|
From: Aaron J. <aja...@re...> - 2014-06-03 07:20:38
|
I've been able to work my way backwards through the problem and have discovered the underlying problem. When a data coordinator is paired with a GTM proxy, it forwards its message to the GTM proxy who adds some data to the payload and forwards it to the GTM. Here is what I saw when looking at the wire.
The message captured between the data coordinator and the GTM proxy was as follows:
430000003d000000270000001064656d6f2e7075626c69632e666f6f0001000000000000000100000000000000ffffffffffffff7f010000000000000000
The message captured between the GTM proxy and the GTM was as follows:
430000000a00000000002746000000080000003b
Definitely a horrible truncation of the payload. The problem is in GTMProxy_ProxyCommand, specifically, the two calls to pq_getmsgunreadlen(). The assumption is that these are called before anything else. Unfortunately, the intel compiler calls pq_getmsgbytes() and subsequently calls the second instance of pq_getmsgunreadlen(). The second time it is called, the value returns zero and we end up with all kinds of byte truncation. I've attached a patch to fix the issue.

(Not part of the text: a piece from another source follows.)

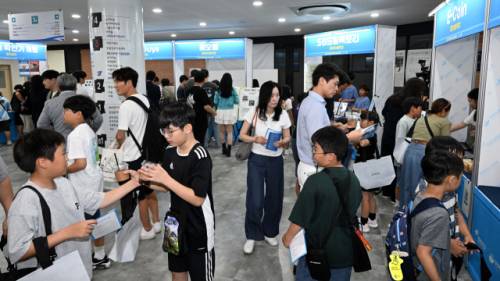 지난 23일 한림대에서 열린 2025 강원학생 창업 페스티벌에 참가한 학생들로 행사장이 북적이고 있다. 신세희기자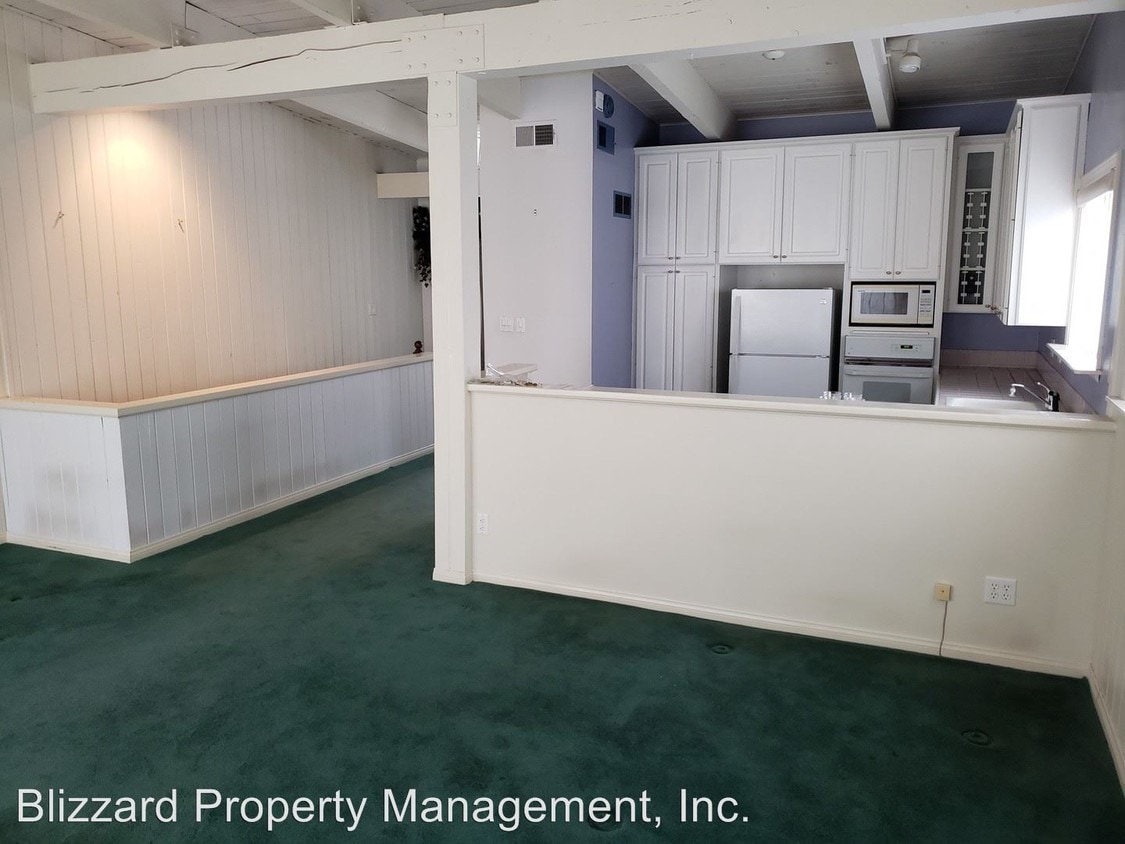 Primary Photo - 3 br, 2 bath House - 4 Kelly Road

--- postgres-xc-1.2.1-orig/src/gtm/proxy/proxy_main.c 2014-04-03 05:18:38.000000000 +0000
+++ postgres-xc-1.2.1/src/gtm/proxy/proxy_main.c 2014-06-03 07:14:58.451411000 +0000
@@ -2390,6 +2390,7 @@
GTMProxy_CommandInfo *cmdinfo;
GTMProxy_ThreadInfo *thrinfo = GetMyThreadInfo;
GTM_ProxyMsgHeader proxyhdr;
+ size_t msgunreadlen = pq_getmsgunreadlen(message);
proxyhdr.ph_conid = conninfo->con_id;
@@ -2397,8 +2398,8 @@
if (gtmpqPutMsgStart('C', true, gtm_conn) ||
gtmpqPutnchar((char *)&proxyhdr, sizeof (GTM_ProxyMsgHeader), gtm_conn) ||
gtmpqPutInt(mtype, sizeof (GTM_MessageType), gtm_conn) ||
- gtmpqPutnchar(pq_getmsgbytes(message, pq_getmsgunreadlen(message)),
- pq_getmsgunreadlen(message), gtm_conn))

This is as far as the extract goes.